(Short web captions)
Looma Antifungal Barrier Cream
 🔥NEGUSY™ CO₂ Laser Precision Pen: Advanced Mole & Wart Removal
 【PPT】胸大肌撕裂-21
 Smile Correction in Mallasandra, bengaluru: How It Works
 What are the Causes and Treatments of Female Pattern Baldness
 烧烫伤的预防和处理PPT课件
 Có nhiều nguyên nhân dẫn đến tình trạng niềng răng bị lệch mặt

*Problem statement:* While keeping every line the same, please copy out all the records.

*Answer space:*
Looma Antifungal Barrier Cream
 🔥NEGUSY™ CO₂ Laser Precision Pen: Advanced Mole & Wart Removal
 【PPT】胸大肌撕裂-21
 Smile Correction in Mallasandra, bengaluru: How It Works
 What are the Causes and Treatments of Female Pattern Baldness
 烧烫伤的预防和处理PPT课件
 Có nhiều nguyên nhân dẫn đến tình trạng niềng răng bị lệch mặt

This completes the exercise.